*Task goal:* Beginning with the line that holds "Forest Edge Chiddingstone FF" and ending with the last line below, repeat each line exactly, leaving any pictures out.

*Records provided:*
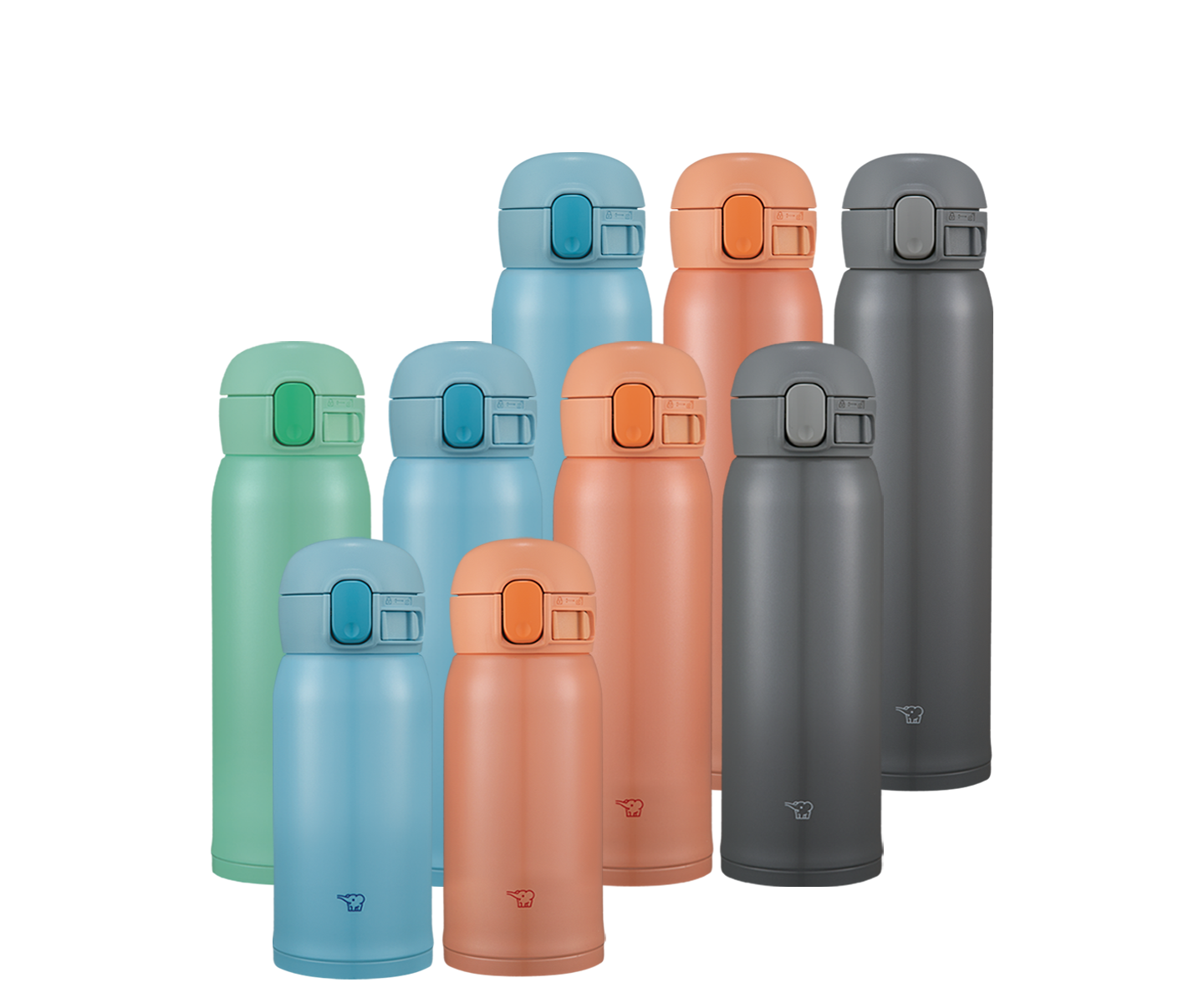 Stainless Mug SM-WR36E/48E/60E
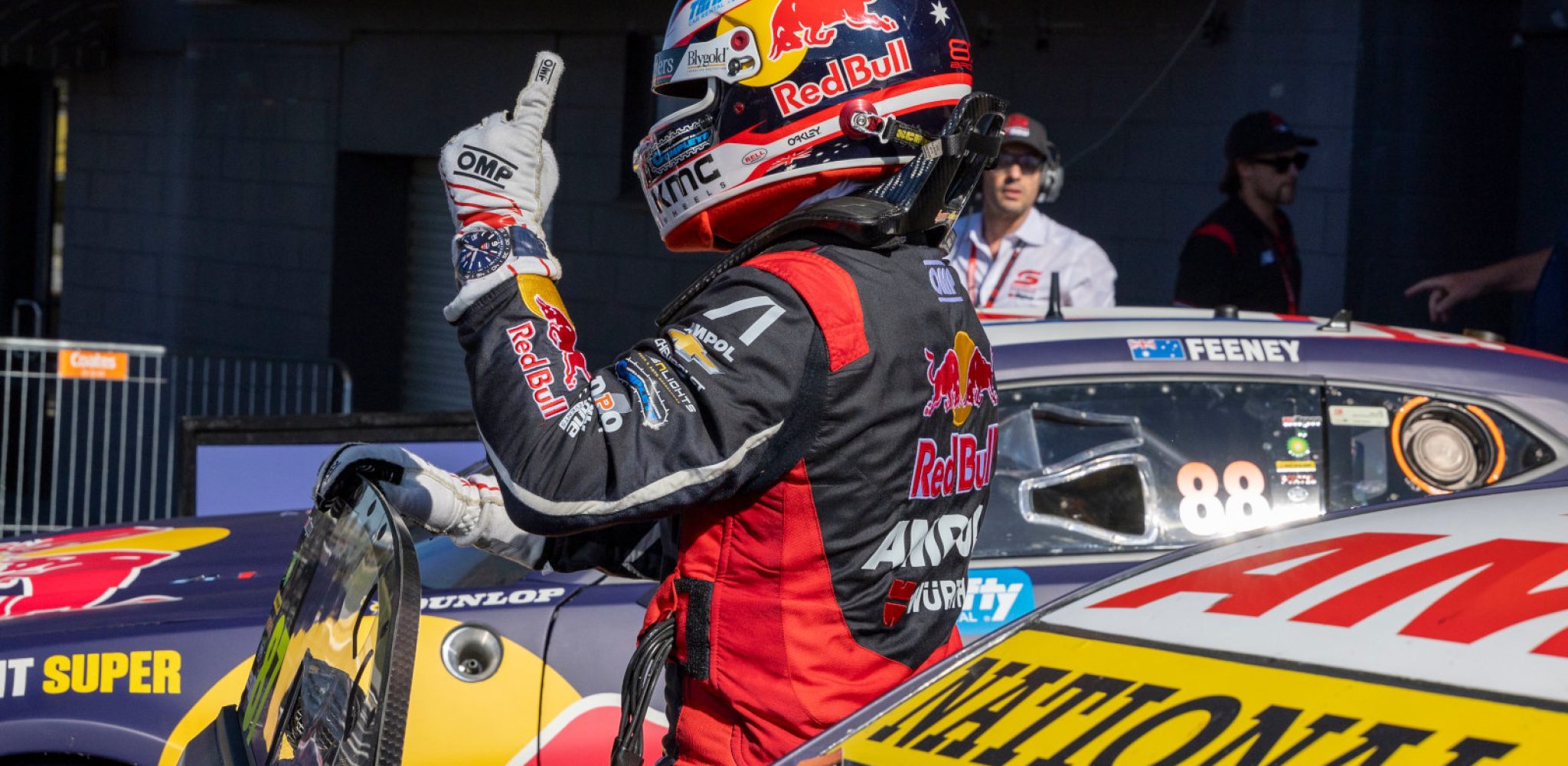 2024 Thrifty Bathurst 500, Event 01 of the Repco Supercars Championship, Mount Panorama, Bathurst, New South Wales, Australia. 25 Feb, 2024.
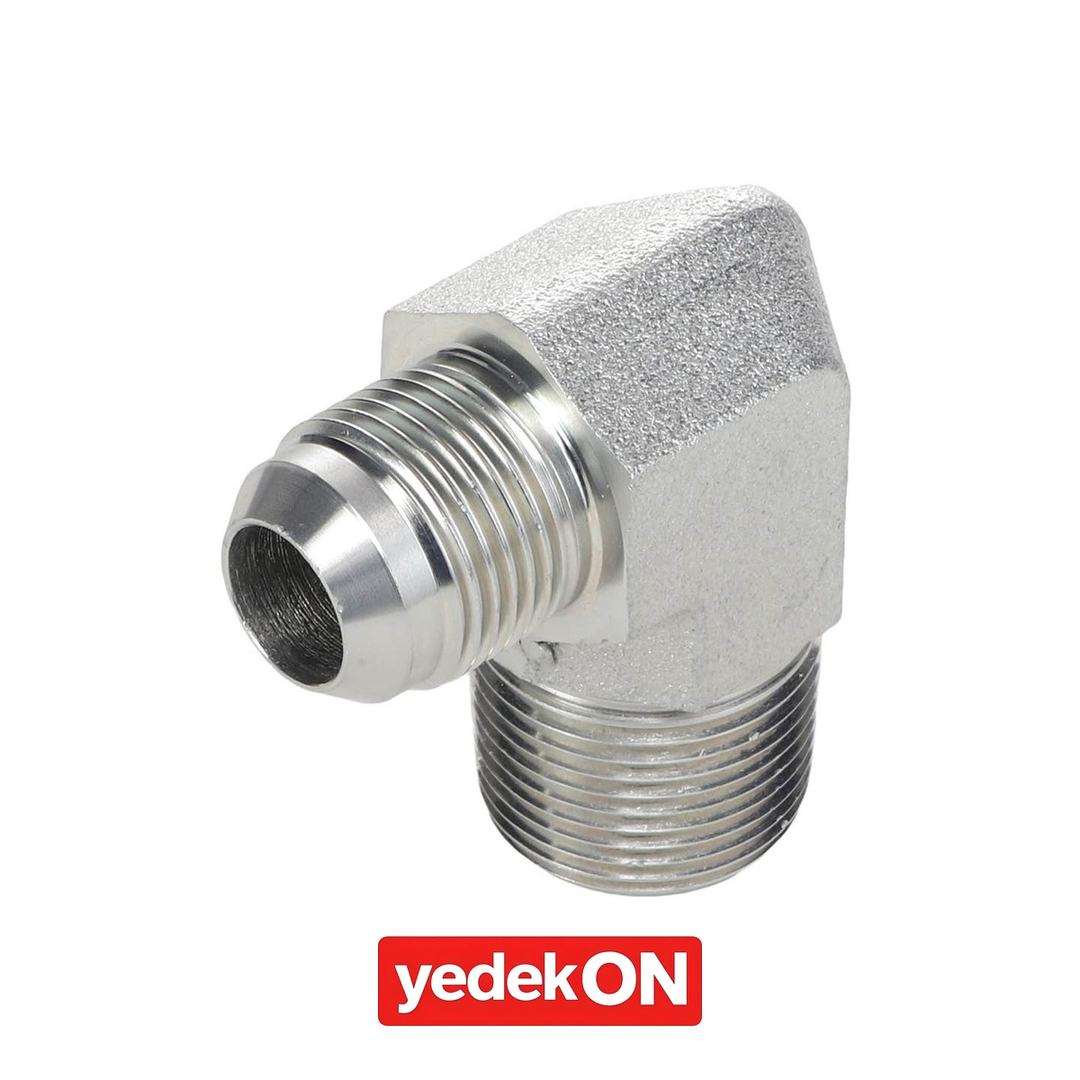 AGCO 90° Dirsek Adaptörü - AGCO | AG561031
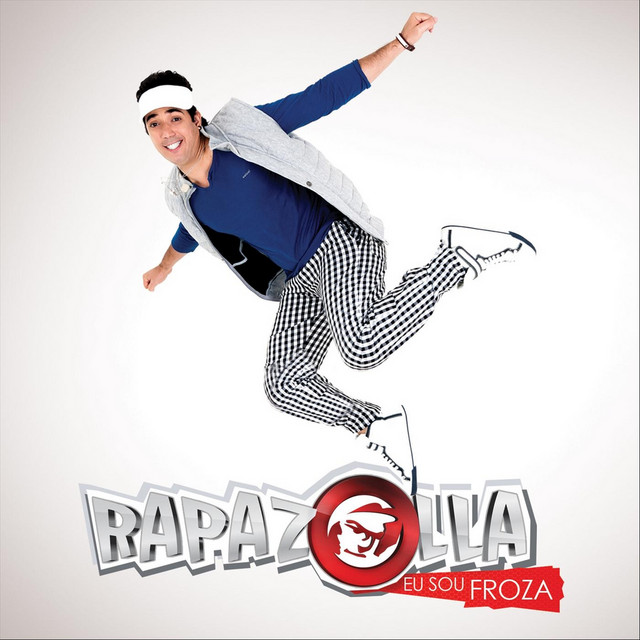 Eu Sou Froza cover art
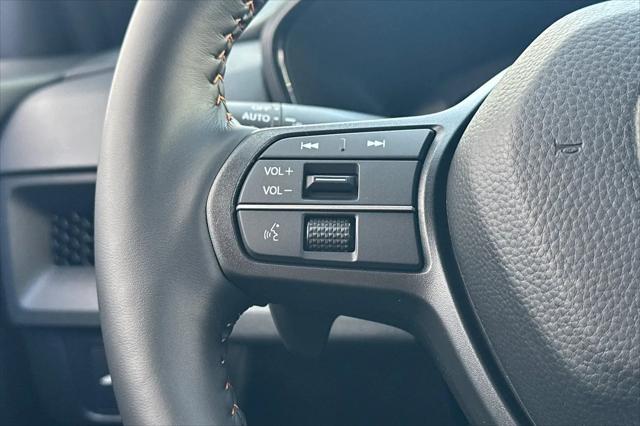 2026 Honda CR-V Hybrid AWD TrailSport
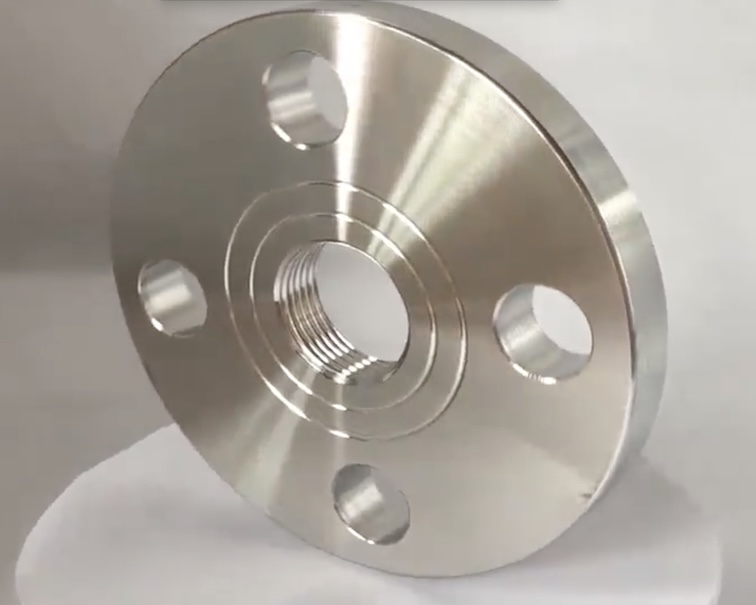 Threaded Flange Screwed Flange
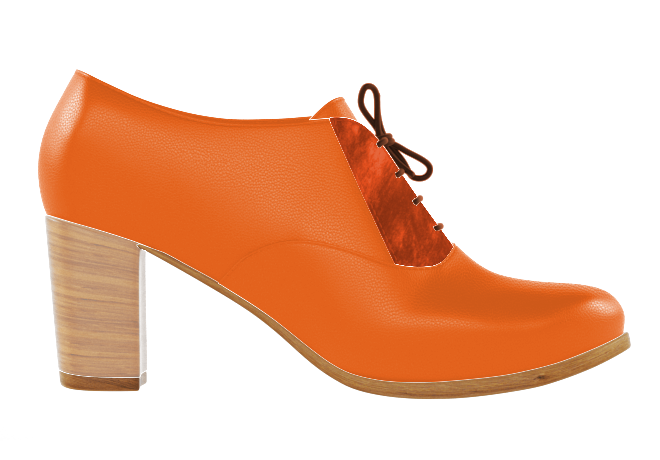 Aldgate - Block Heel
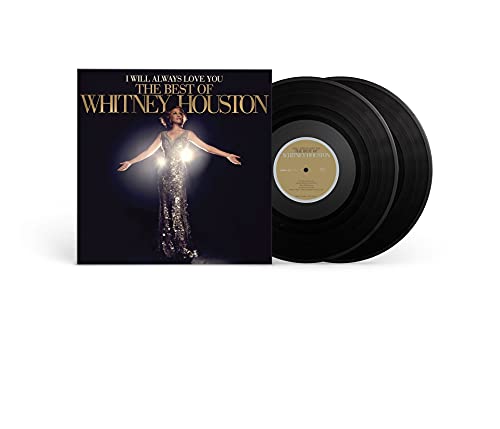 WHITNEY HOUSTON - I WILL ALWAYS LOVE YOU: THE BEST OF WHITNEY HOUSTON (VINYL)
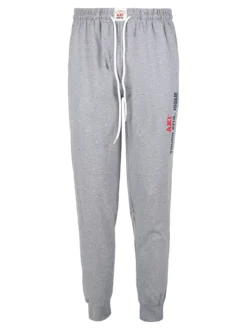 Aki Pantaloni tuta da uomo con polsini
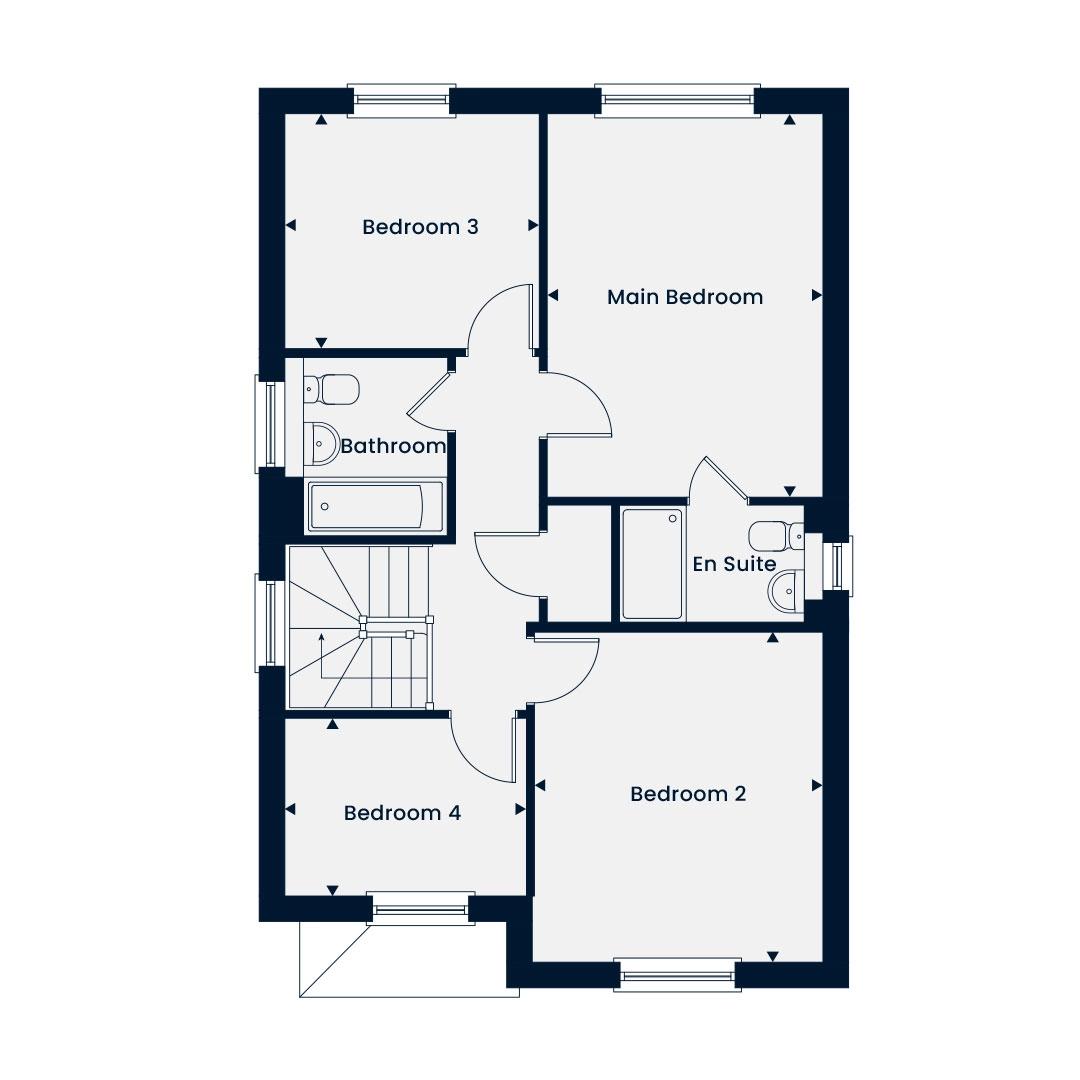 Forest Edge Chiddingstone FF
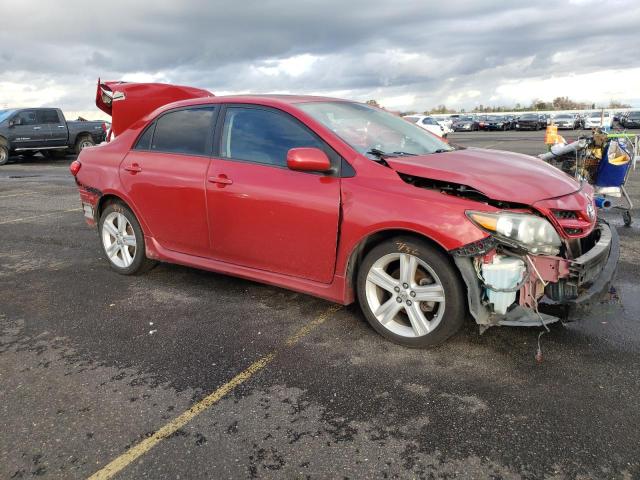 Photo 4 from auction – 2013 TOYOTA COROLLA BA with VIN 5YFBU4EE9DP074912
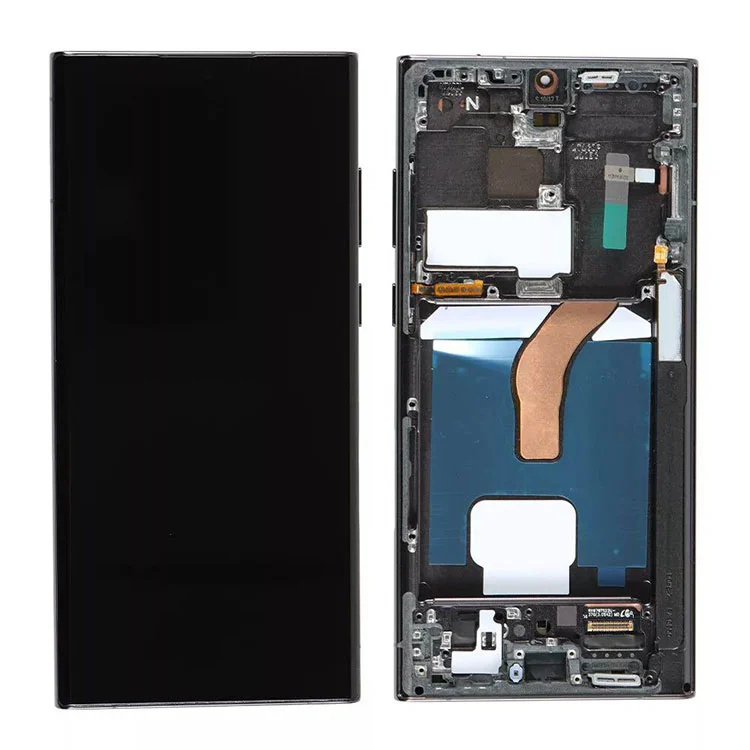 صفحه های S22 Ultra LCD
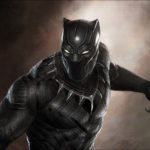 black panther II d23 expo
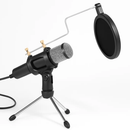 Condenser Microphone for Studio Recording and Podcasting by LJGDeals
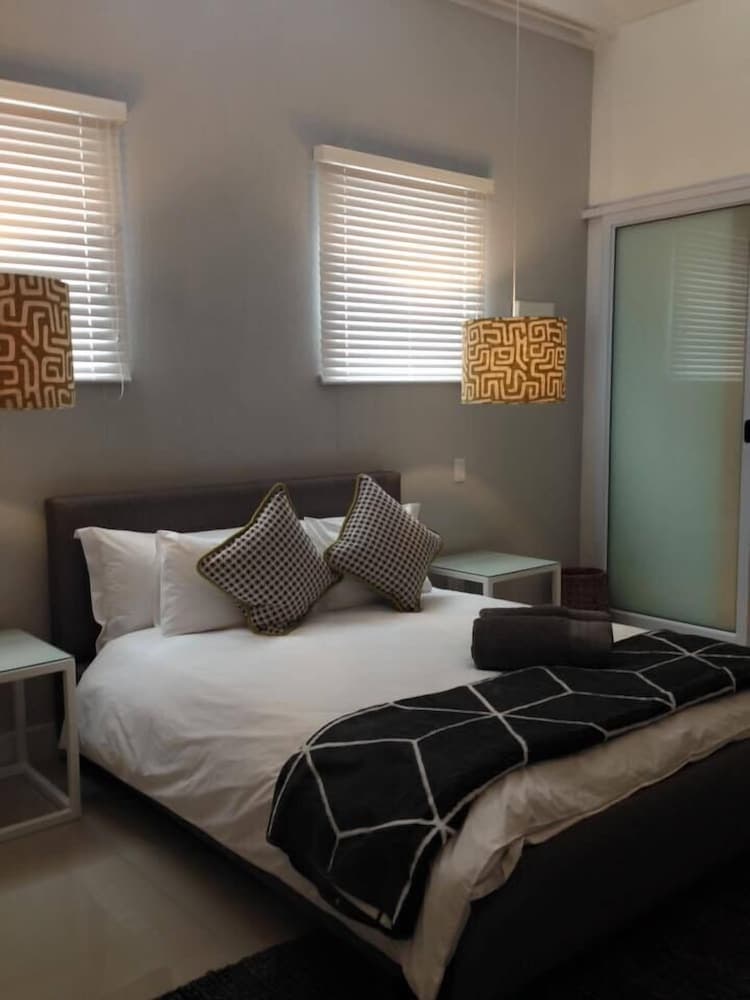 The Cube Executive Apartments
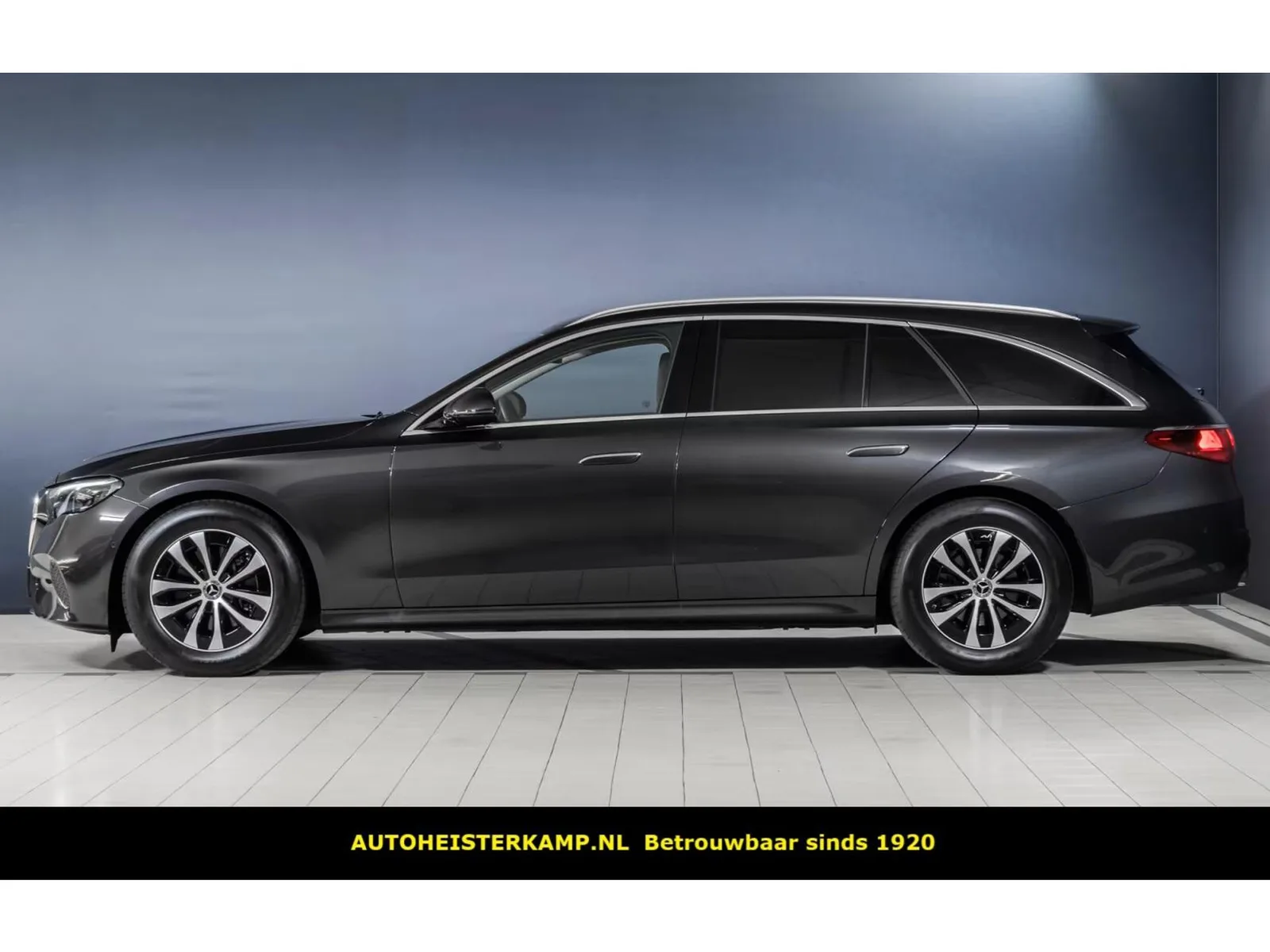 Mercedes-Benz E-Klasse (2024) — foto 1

*Result of the exercise:*
 Forest Edge Chiddingstone FF
 Photo 4 from auction – 2013 TOYOTA COROLLA BA with VIN 5YFBU4EE9DP074912
 صفحه های S22 Ultra LCD
 black panther II d23 expo
 Condenser Microphone for Studio Recording and Podcasting by LJGDeals
 The Cube Executive Apartments
 Mercedes-Benz E-Klasse (2024) — foto 1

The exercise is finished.